La palabra “apuesta” siempre ha vivido en las sombras de Cuba, pero la primera vez que la escuché vino asociada a los nombres de Muhammad Alí y Teófilo Stevenson, haciéndola más atrevida, más proscrita, viviendo en los límites de lo permitido.
Sin embargo, en 1977 lo permitido era bien poco en Cuba y el hecho de que los mayores de mi barrio se apasionaran tanto con la posibilidad de un choque entre el mejor de los profesionales y el mejor de los amateurs levantaba en lo posible el manto de secretismo al hablar de lo que no se podía hablar.
“Te apuesto una caja de cerveza”, dijo uno. “Sé hombre y apuesta dinero”, le respondió otro.
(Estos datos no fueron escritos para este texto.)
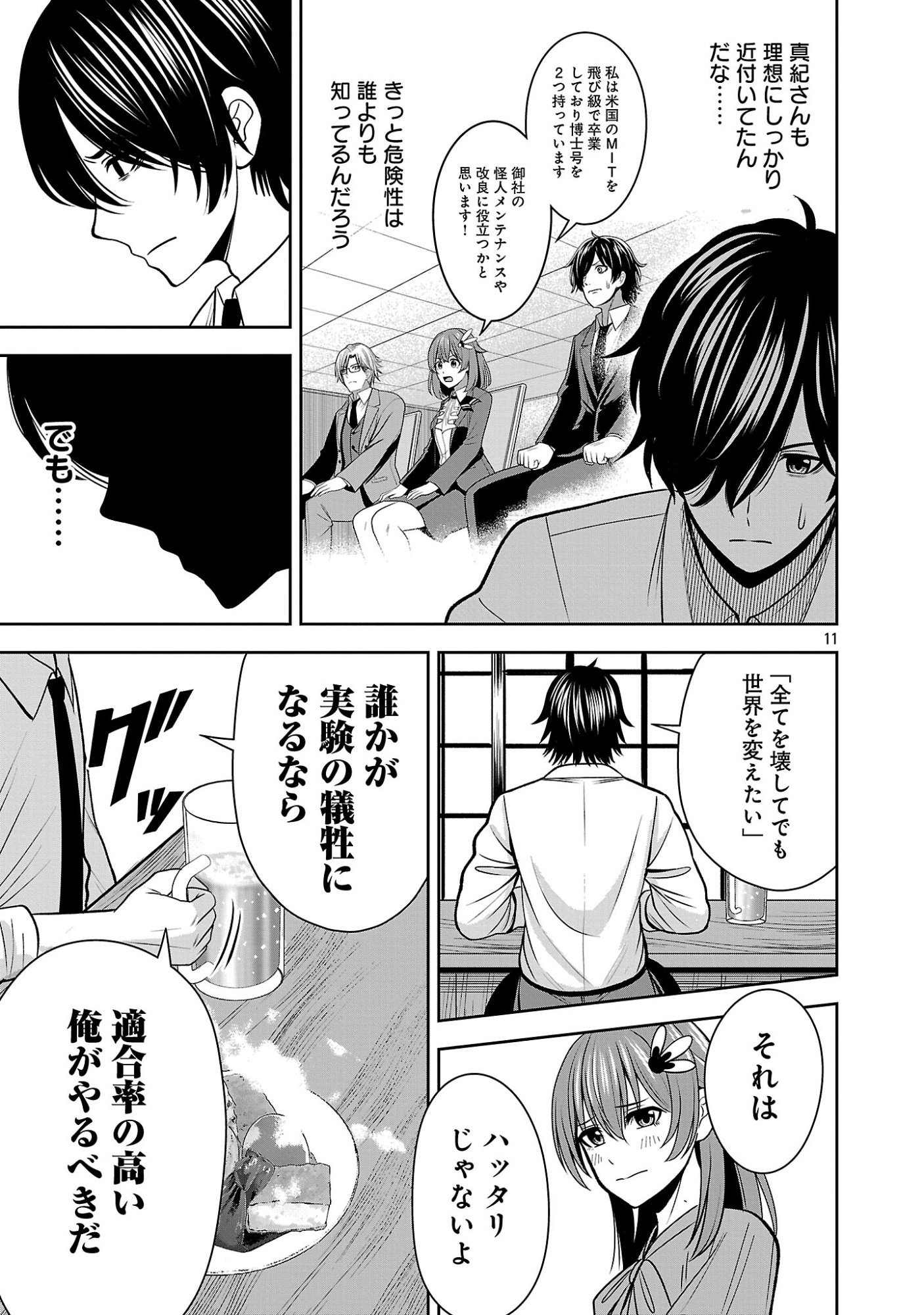 Aku no Soshiki no Kyuujinkoukoku Chapter 31.1 13ページ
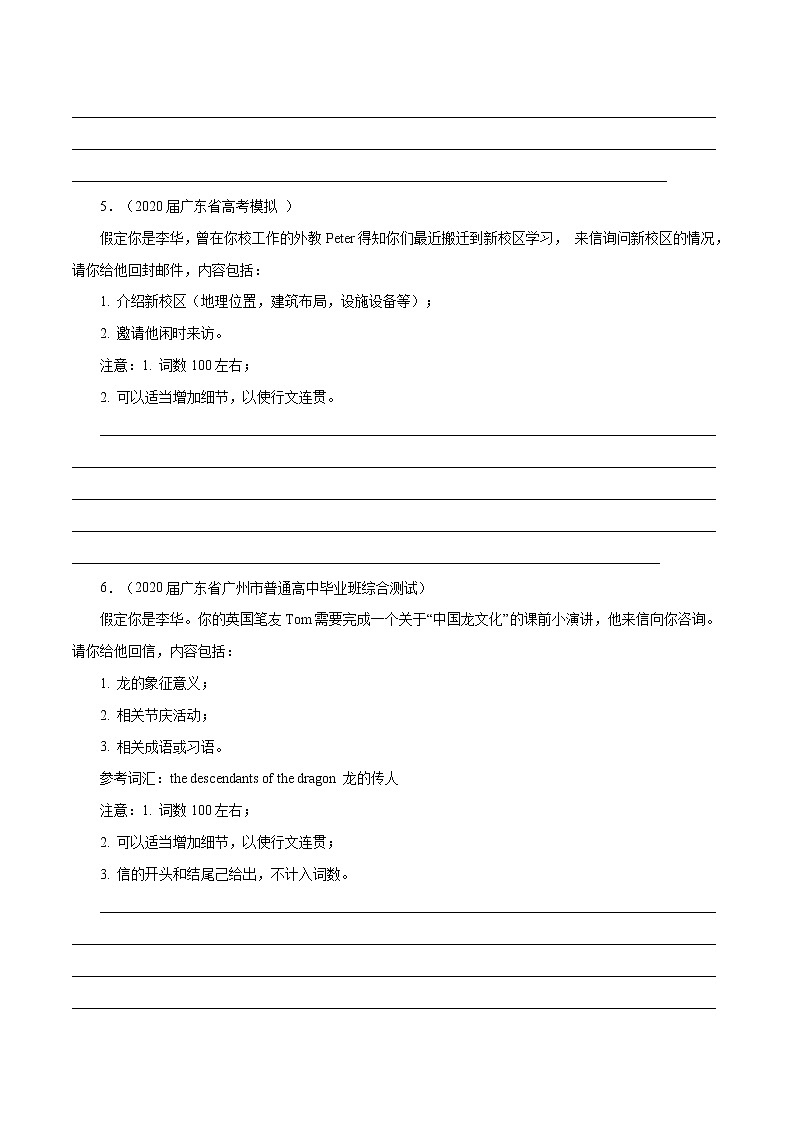 高考英语模拟题汇编专题12 作文二（原卷版）第3页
Y mi barrio tan calmo e insípido se despertaba de la abulia con la sola visión de esos dos gigantes juntos encima de un ring. ¿Acaso lo imposible podría suceder? La Cuba de los 70 vivía el cerrojo ideológico que nos traía la dependiente relación con el campo socialista, ahogando criterios, proyectos y fantasías.
Pero por alguna razón se conocía de la posibilidad de este choque y todo el mundo hablaba de algo distinto, que rompería la monotonía de sus vidas. Se sabía, por ejemplo, que Fidel Castro había dado su visto bueno, que Stevenson había firmado un contrato de intención que le había presentado el entonces joven promotor Bob Arum, y solo se esperaba la respuesta de Alí.